Issue 1: NameError Crash
Location: backend/app/ai/agent_v2.py -> estimate_completion_tokens
The Bug:
The code attempts to pass build_id to the AgentV2 constructor, but build_id is not defined in the estimate_completion_tokens function signature. This raises a NameError and crashes the application when a report title generation or token estimation is triggered.
Error Log:
ERROR | root:estimate_completion_tokens:288 - Unexpected error in estimate_completion_tokens: name 'build_id' is not defined
Proposed Fix:
Update the function signature to accept build_id as an optional argument.
# In backend/app/ai/agent_v2.py
async def estimate_completion_tokens(
self,
db: AsyncSession,
report_id: str,
completion_data: CompletionCreate,
current_user: User,
organization: Organization,
external_user_id: str = None,
external_platform: str = None,
build_id: str = None, # <--- ADD THIS PARAMETER
) -> CompletionContextEstimateSchema:Issue 2: Infinite Loop / "Amnesia Bug"
Location: backend/app/ai/agent_v2.py -> Main Execution Loop
The Bug:
When the agent fails a step (e.g., returns invalid JSON, missing action, or a tool error) and the loop continues to retry, the agent often repeats the exact same mistake indefinitely.
Root Cause:
The variable history_summary is calculated once before the while loop starts.
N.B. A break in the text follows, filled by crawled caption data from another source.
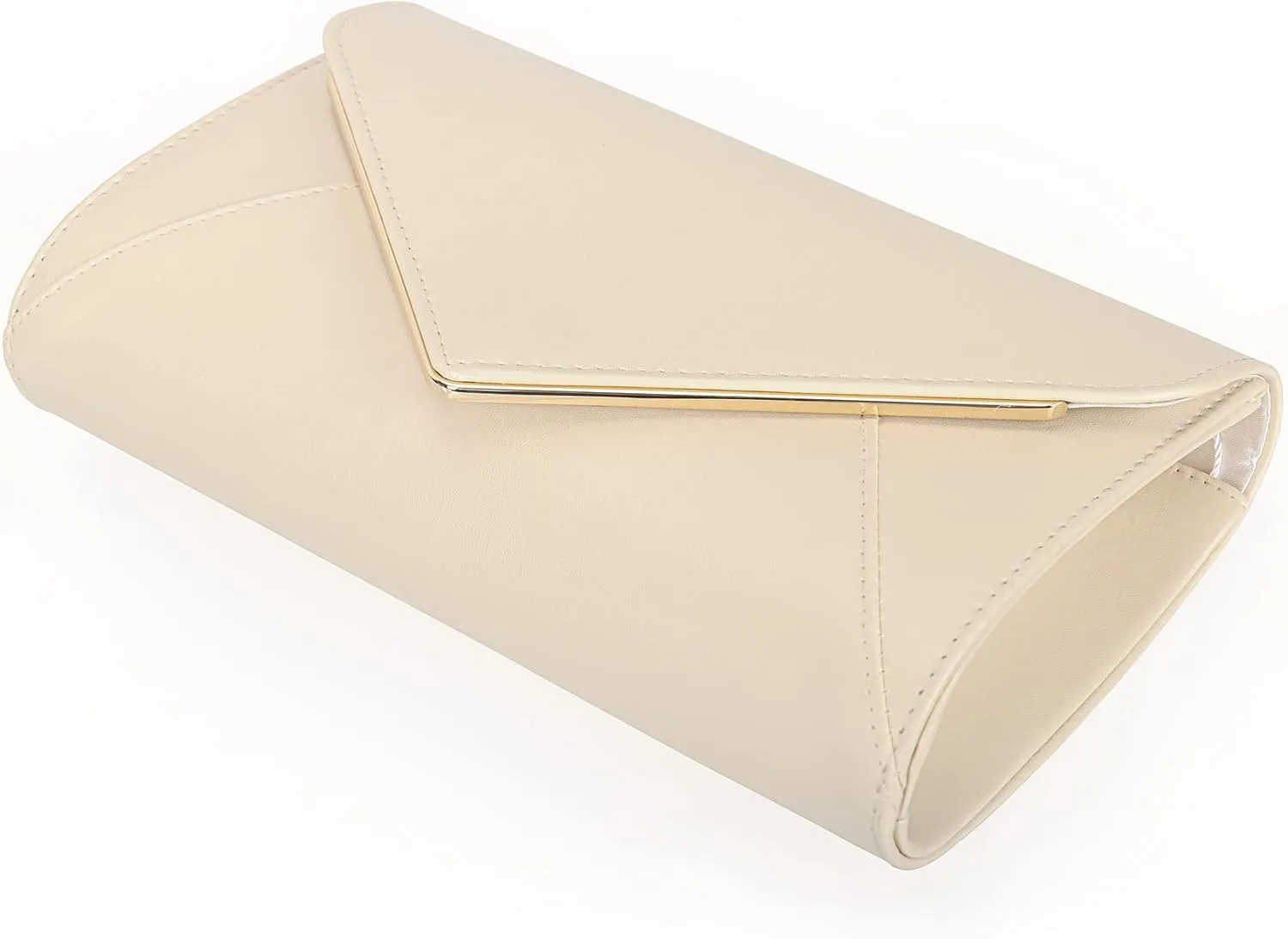 PU Leather Clutch Purses Women Evening Envelope Handbag Prom Wedding Party Foldover Bag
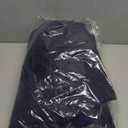 Runcati Mens Trench Coat Notch Lapel Zip Up Overcoat Casual Winter Long Business Pea Coat, Size XXL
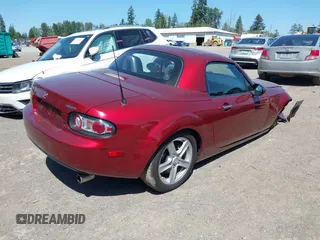 2008 Mazda MX-5 Miata Touring with VIN JM1NC26F080156247, listed as a IAAI auction lot 42359690 with 94,493 mi miles and . Bid and sale history available at DreamBid. Image 4.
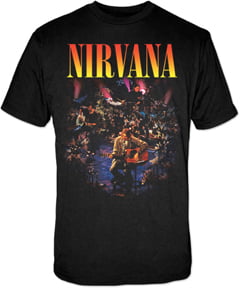 Nirvana Live Concert Photo T-Shirt-0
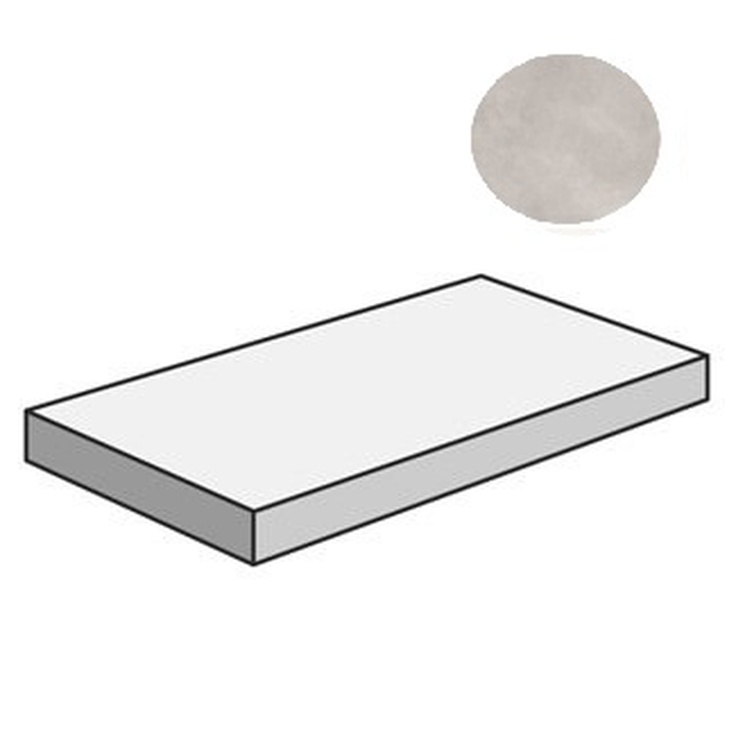 Sant Agostino Sable CSAGADSP12 Gradone Angolare 120 Dx Pearl Угловая ступень 33x120 см, Италия, под бетон  - фото 1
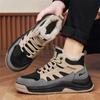 Warrior High-Top Lifestyle Casual Shoes Men sneakers Khaki Gray Black WXY-N286N02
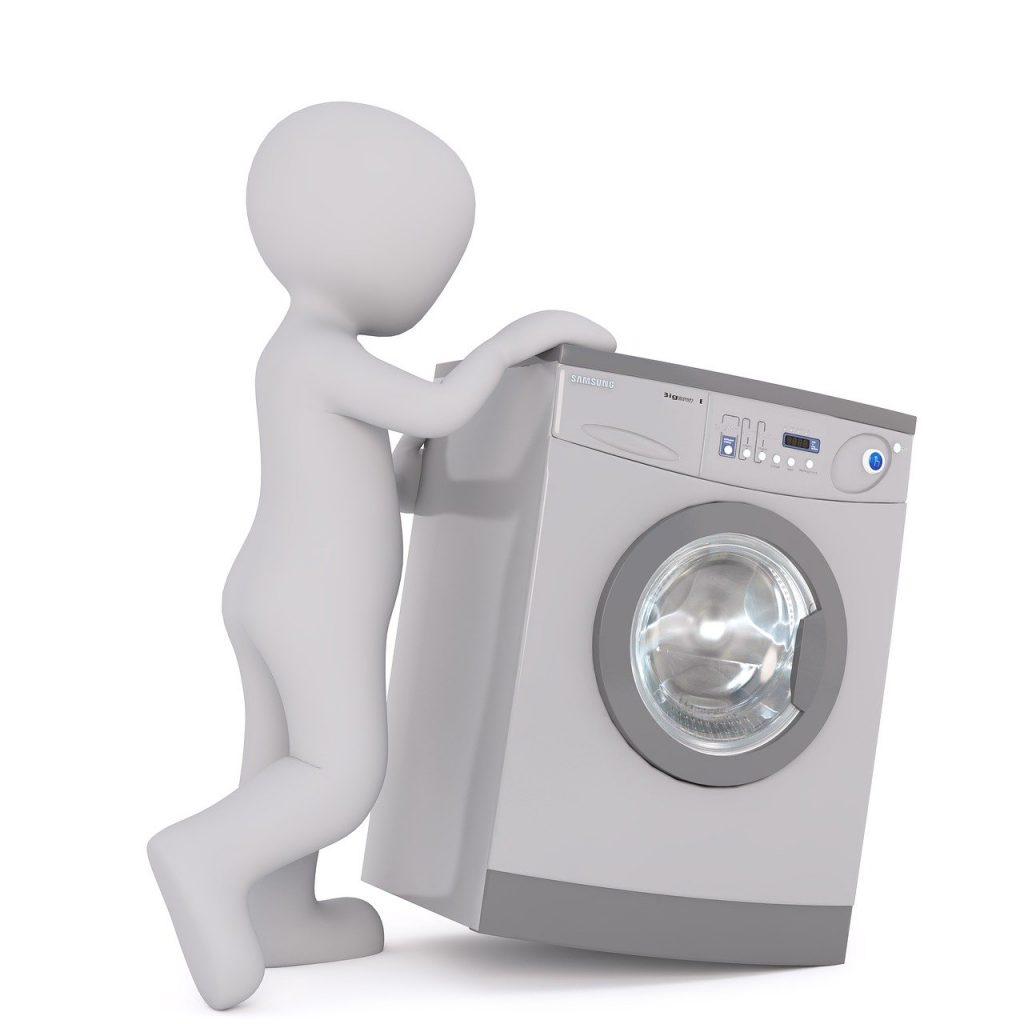 washing machine, white male, 3d model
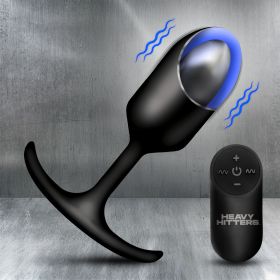 Vibrating Weighted Silicone Anal Plug (size: Xl)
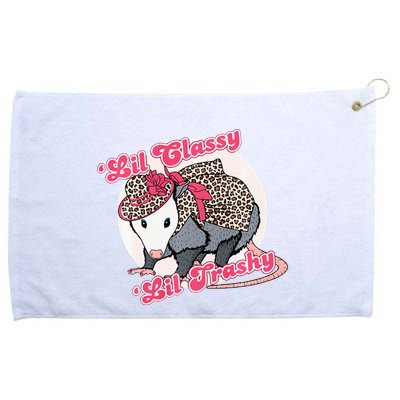 Leopard Possum Lil Classy Lil Trashy Possum Sarcastic Grommeted Golf Towel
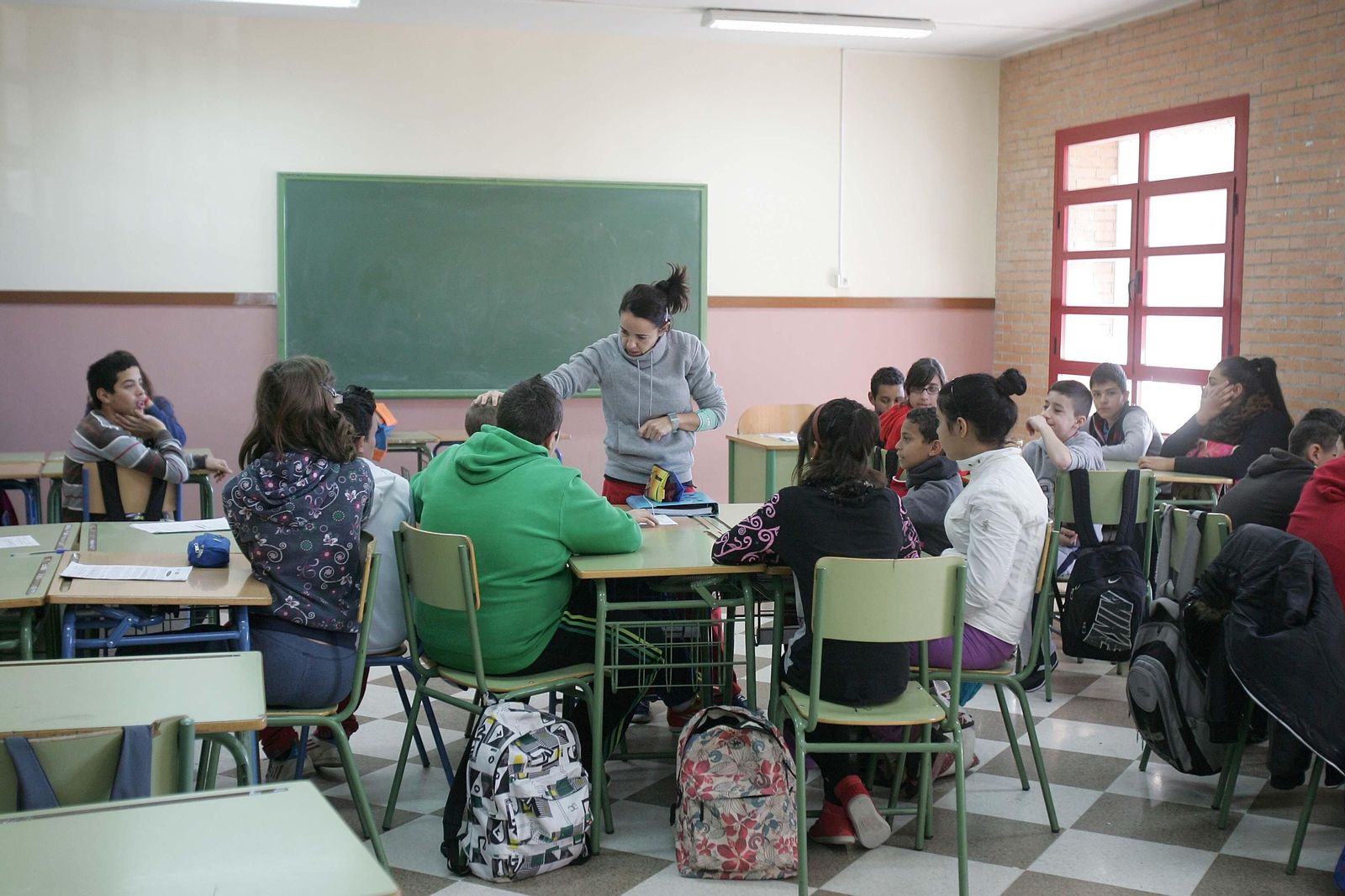 Clase de Secundaria en un instituto.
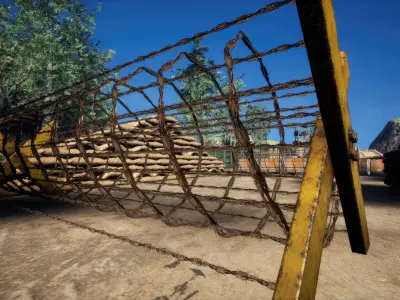 MILITARY TRAINING CAMP KIT by mkaplunow Low-poly 3D model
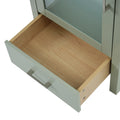 20 Inch Bathroom Vanity With Ceramic Sink Andstorage Ideal For Small Bathrooms Green Bathroom Solid Wood Mdf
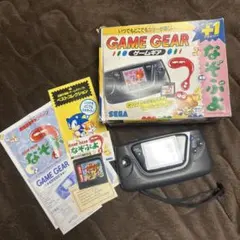 ゲームギア　なぞぷよ　本体　カセット　ソフト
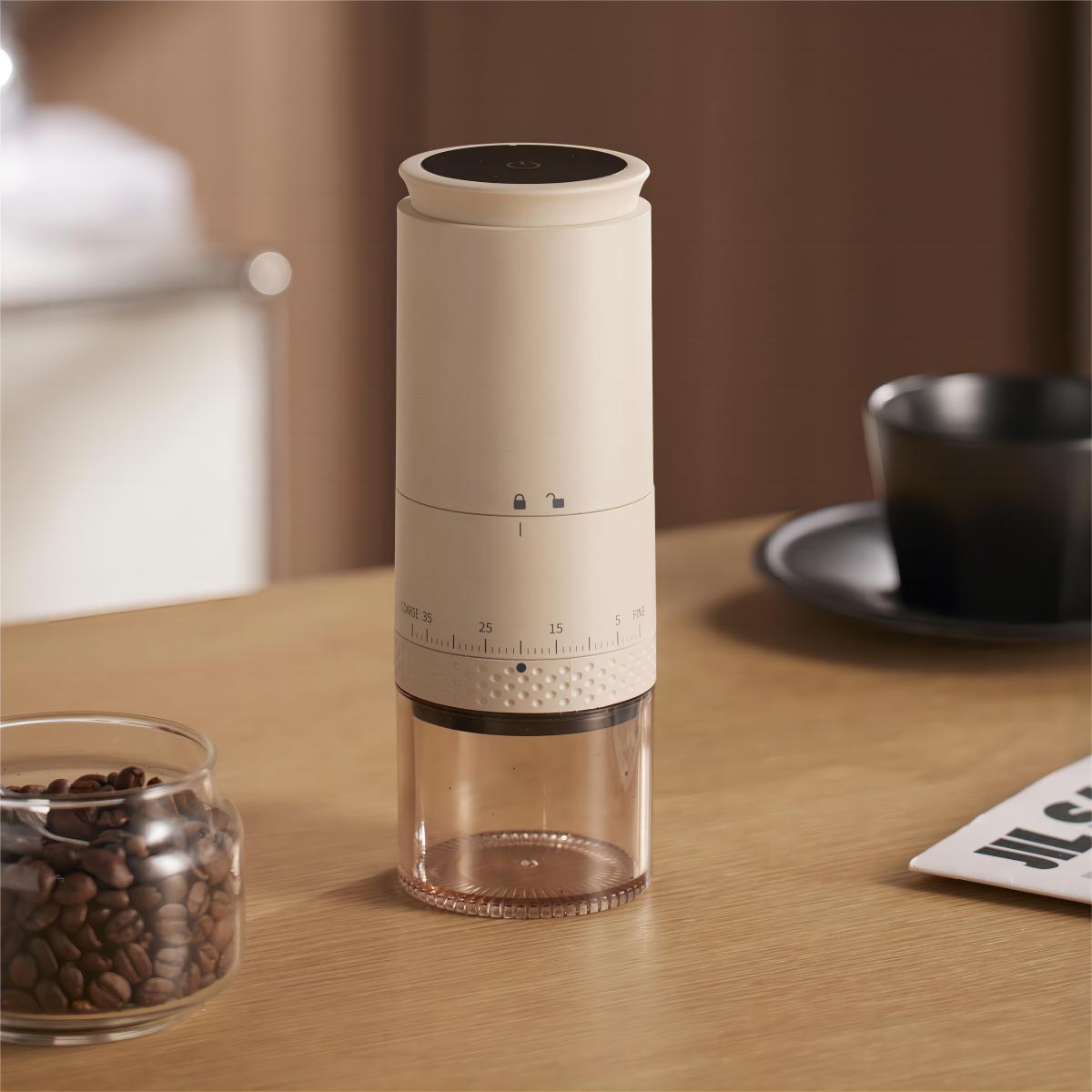 Coffee Bean Grinder Electric - Macinacaffè elettrico 1500mAh Tipo C regolabile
Inside the loop, if an error occurs, we add an observation to tool_observations, but history_summary is never recalculated. Consequently, the prompt passed to the LLM in the next iteration contains the stale history, so the LLM is unaware of the previous error.
Evidence:
Logs show prompt_tokens remaining static (e.g., 6376 -> 6376 -> 6376) across 10 iterations, proving the context is not growing.
Proposed Fix:
Recalculate history_summary at the start of every loop iteration to ensure the prompt includes the latest observations (including errors).
# In backend/app/ai/agent_v2.py inside the main loop
while not analysis_complete:
# ... existing code ...
# ADD THIS: Recalculate history to include recent observations/errors
if self.context_hub.observation_builder.tool_observations:
history_summary = self.context_hub.get_history_summary(
self.context_hub.observation_builder.to_dict()
)
# ... prompt building logic follows ...Impact
Applying these two fixes resolved the application crash and allowed the agent to properly iterate, "remember" its planning errors, and successfully exit the reasoning loop.